If You Write It, They Will Sue

Dear Rich: I wrote a novel that is set on the city street I used to live on. The year is 1968. It follows the interaction of a dozen kids, ranging in age. At some points the teasing between the kids gets very intense: “Your mom’s a tramp. Your dad left two years ago and you don’t even know where he is,” etc. The book is essentially a comedy and all of the characters, including the one drawn from me, are presented in a broad amusing fashion. The book will include the standard fiction disclaimer on the copyright page. I have set the novel in a different city, changed all the characters names, physical descriptions, parents jobs, etc. No one would ever read my book and guess that these people were the inspiration for the characters in the book. However, there are about forty of us from that original street who still keep in touch through Facebook and my problem is that if any of those forty people ever read the book they would immediately recognize the street, and they would know who wrote the book.  Although most of them would enjoy the book, I am afraid that over time a few people might feel that they are literally portrayed and might take offense. In short, if I self publish this book, am I setting myself up for a defamation or invasion of privacy lawsuit? 

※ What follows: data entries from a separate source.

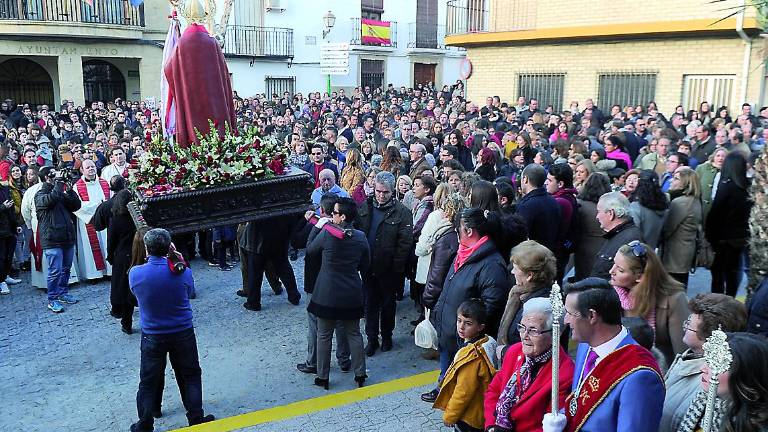 Gritos que curan la garganta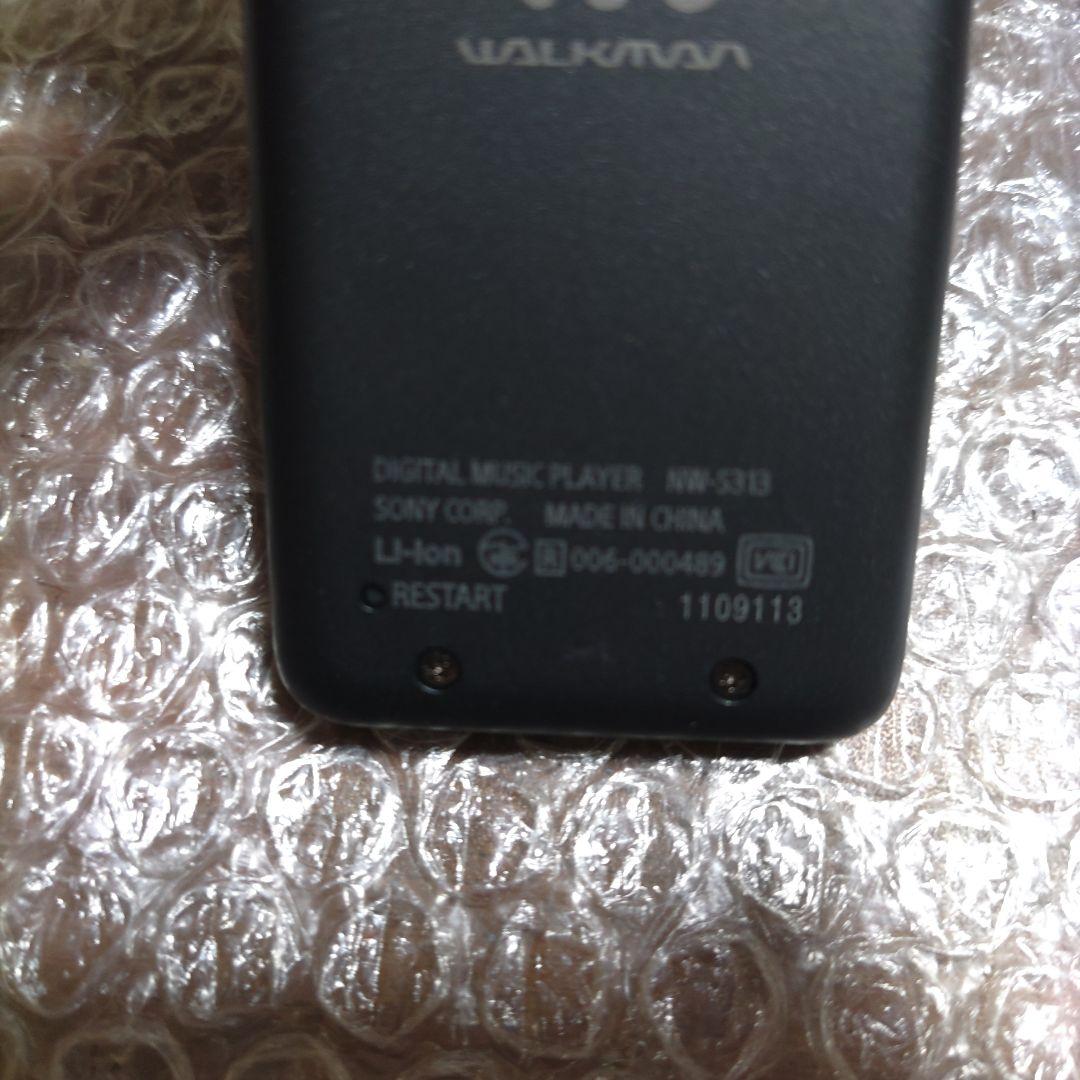 ばたけ NW−S313 管理ナンバー6605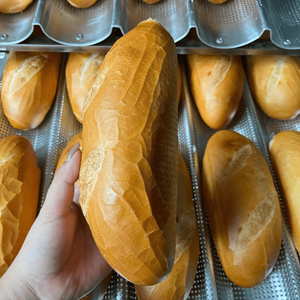 Factory Price Oven for Baking Bread 16 Trays Iso Certificate With Altuntop Trolley <b>Rotary</b> Oven Made in Vietnam Manufacturer - Product Image 6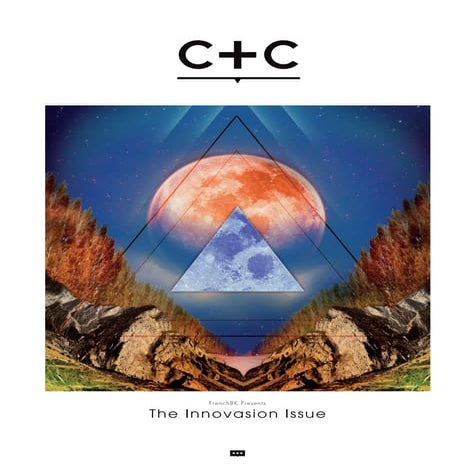 FrenchBK Presents: C+C // The Innovasion Issue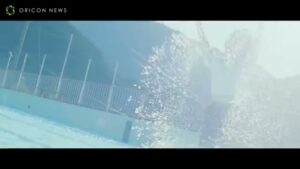 キリンレモン CMのシーン8（01:13）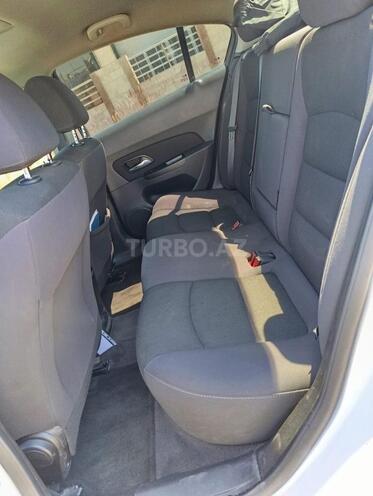 Chevrolet Cruze 2013, 222,000 km - 1.4 l - Bakı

Most courts tend to provide authors with some leeway when depicting characters derived from real life. Although this freedom is sometimes framed as a first amendment defense, it more likely results from the complaining person's failure to prove his or her case. For example, if an unhappy childhood friend sued you (known as the plaintiff in legal jargon) your friend would have two substantial hurdles. First, the plaintiff must prove that the character actually depicts the plaintiff (an analysis that needs to include the dissimilarities as well as the similarities). Second the court must be convinced that you made a damaging false statement or portrayed the plaintiff in a false light. Some courts have ruled against novelists (blame it on this 25 year old case), but if you haven't completed your novel, there are simple ways to avoid the sound of the judge's gavel.
BTW Dept. (1) The right of publicity -- another claim sometimes made in these situations -- is a hard  argument to win against a novelist. (2) You cannot defame or invade the privacy of someone who has passed on.